**Required work**
Without including any images, please transcribe all the lines below exactly.

**Material supplied**
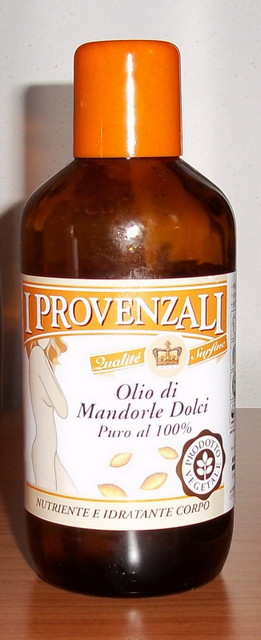 Olio di mandorle dolci, l'indispensabile.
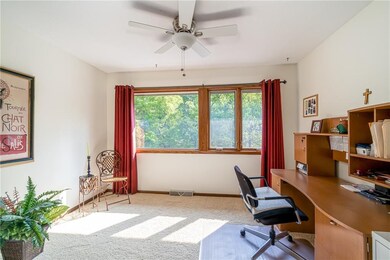 4509 46th St, Des Moines, IA 50310 - photo 6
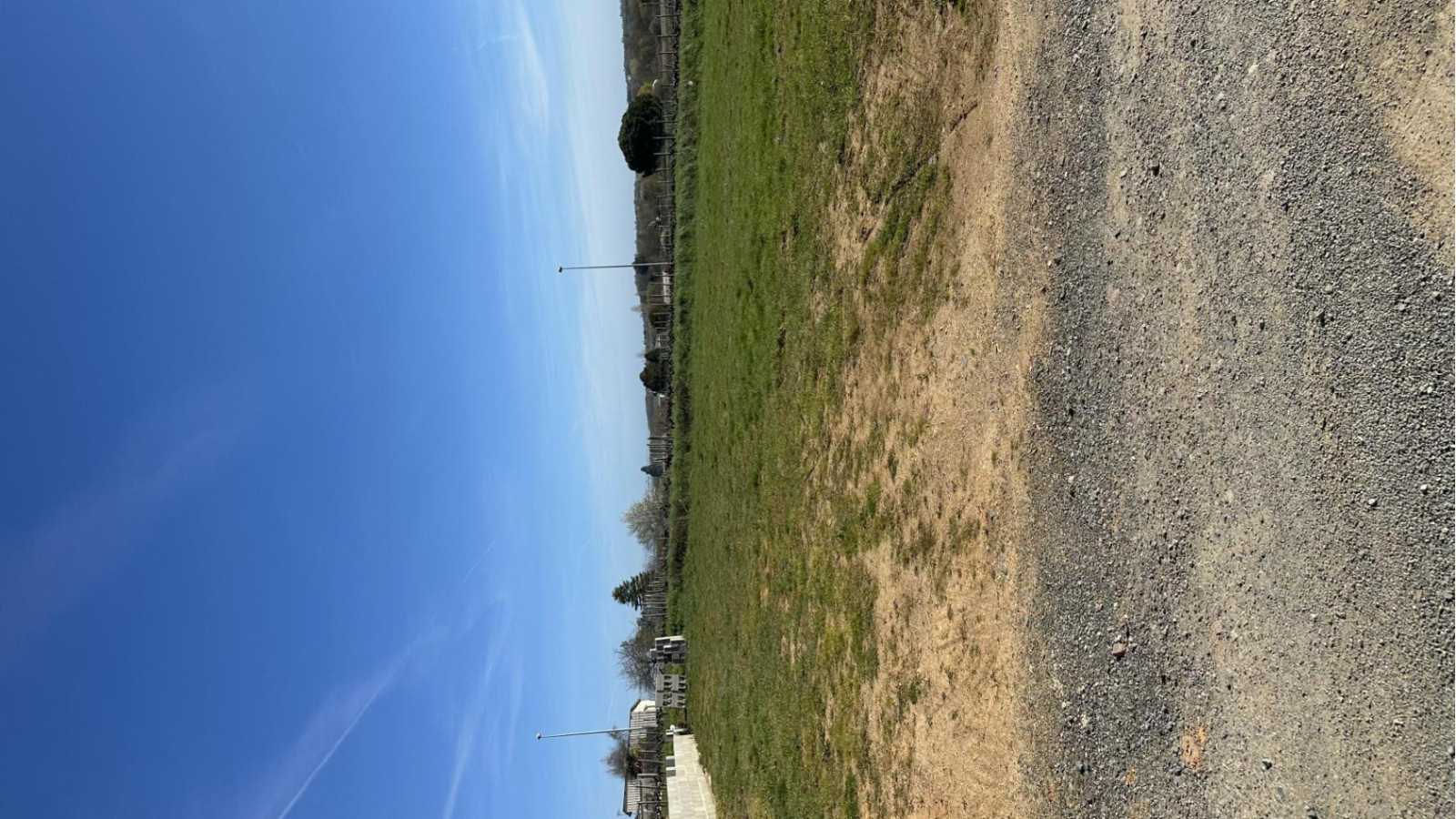 Terrain constructible de 590m2 à Baugé-en-Anjou/ image 1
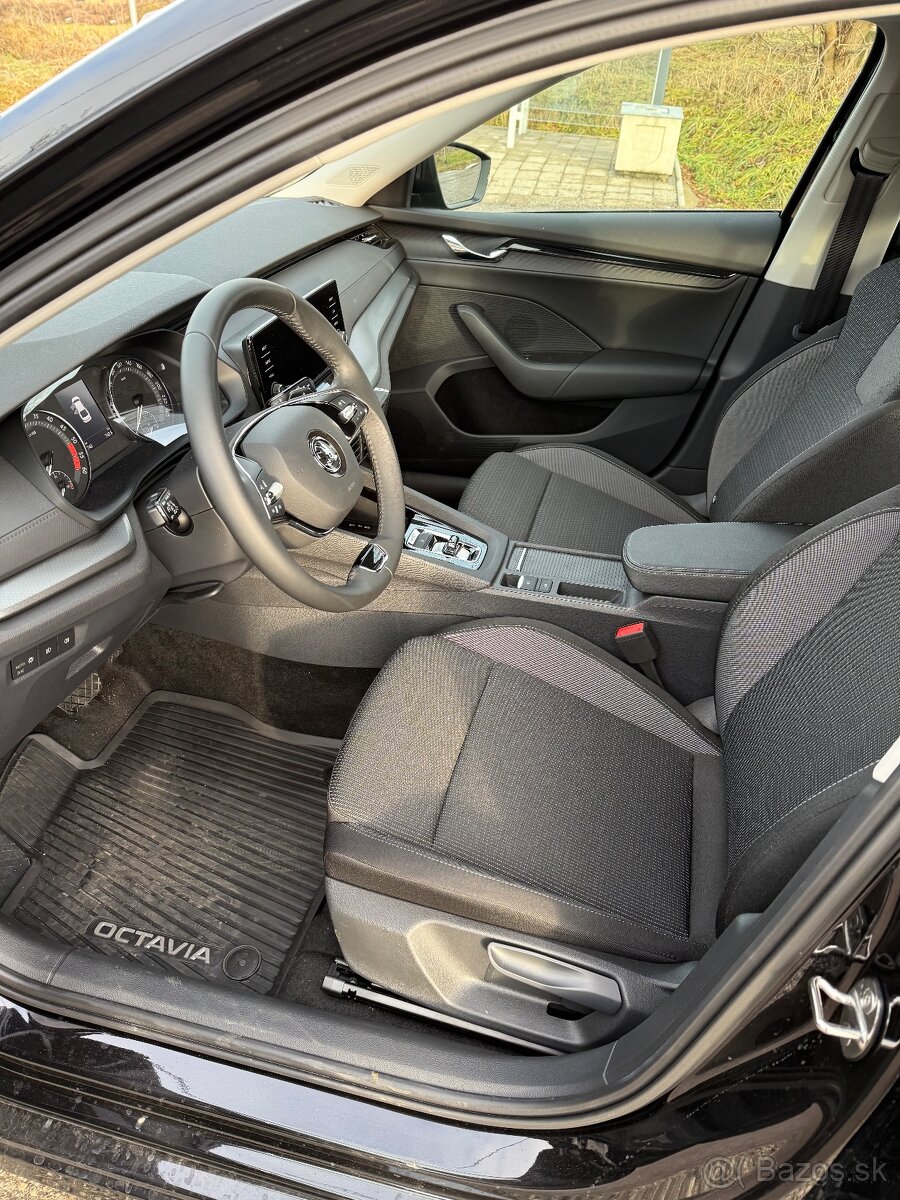 Predám škoda Octavia 2,0 TDI DSG - 3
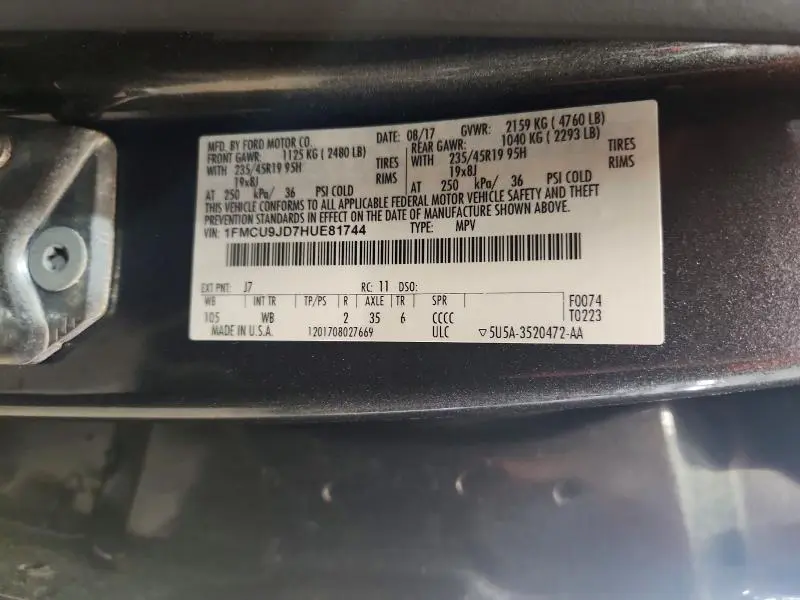 2017 FORD ESCAPE TITANIUM  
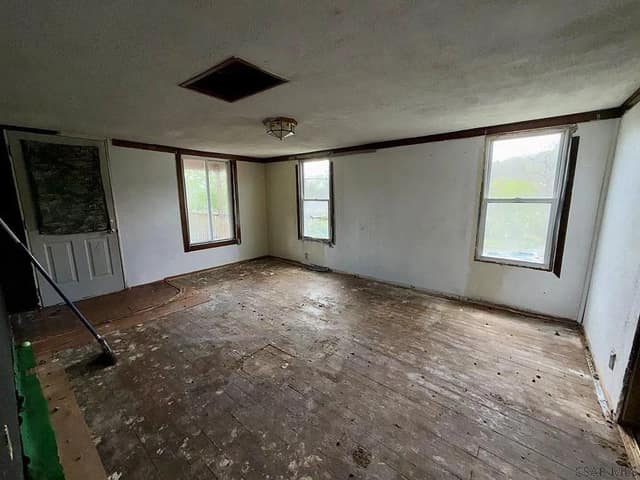 431 Finch St photo 8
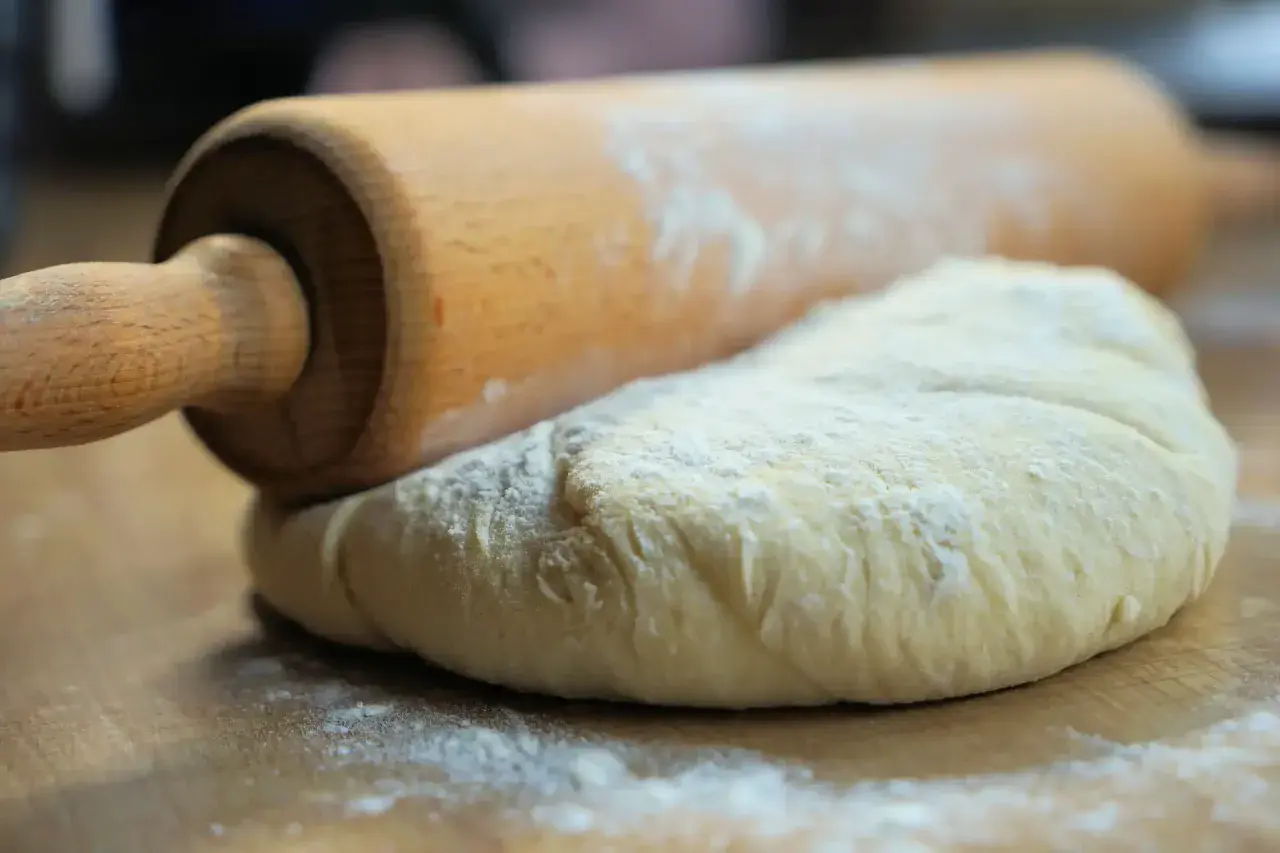 Jak przechowywać ciasto na pizzę, aby uniknąć zepsucia i marnotrawstwa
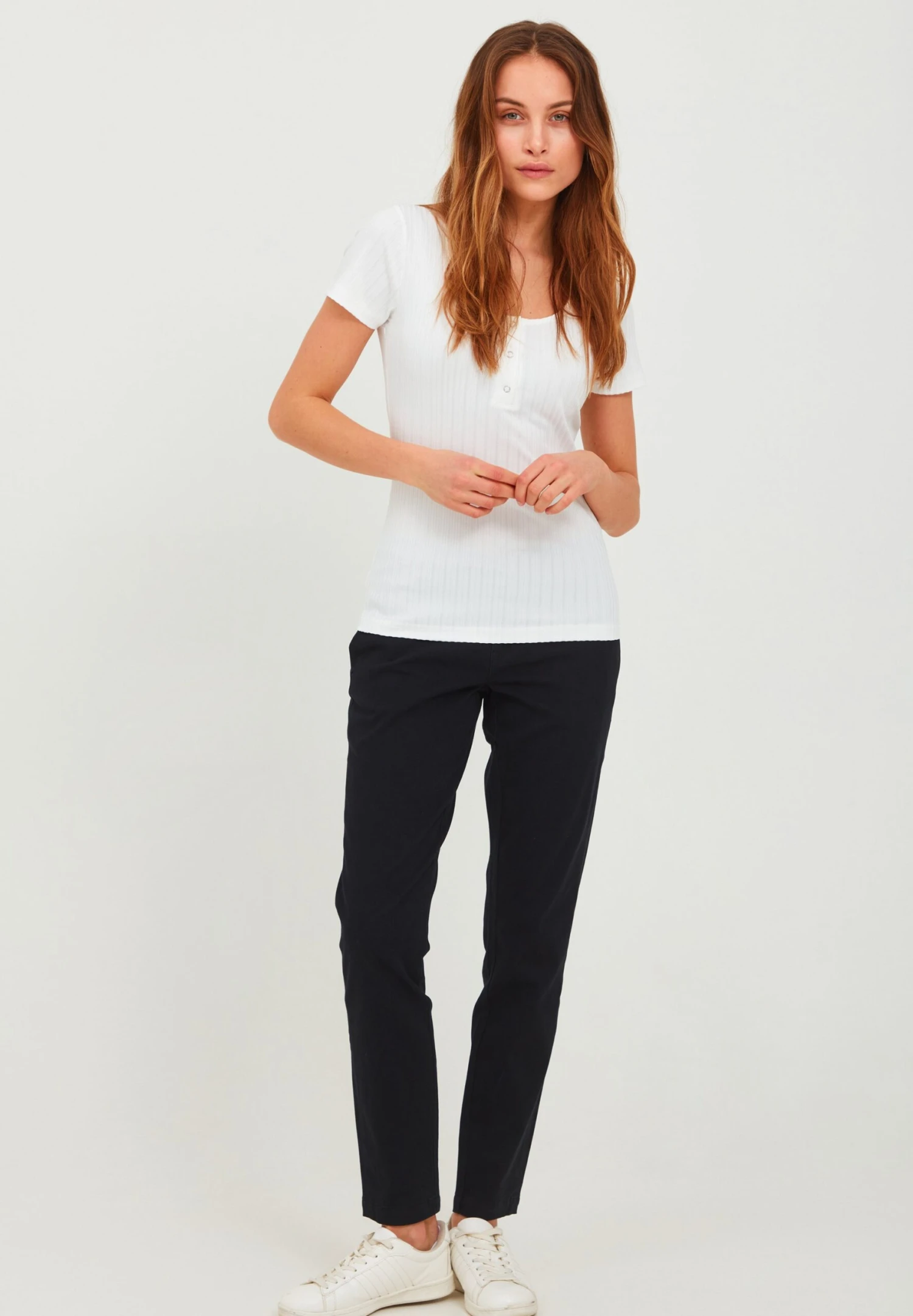 OXMO Pilar - Pantalones Chinos - Black 2 OXMO Pilar - Pantalones Chinos - Black - Imagen 2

**Written reply**
 Olio di mandorle dolci, l'indispensabile.
 4509 46th St, Des Moines, IA 50310 - photo 6
 Terrain constructible de 590m2 à Baugé-en-Anjou/ image 1
 Predám škoda Octavia 2,0 TDI DSG - 3
 2017 FORD ESCAPE TITANIUM  
 431 Finch St photo 8
 Jak przechowywać ciasto na pizzę, aby uniknąć zepsucia i marnotrawstwa
 OXMO Pilar - Pantalones Chinos - Black 2 OXMO Pilar - Pantalones Chinos - Black - Imagen 2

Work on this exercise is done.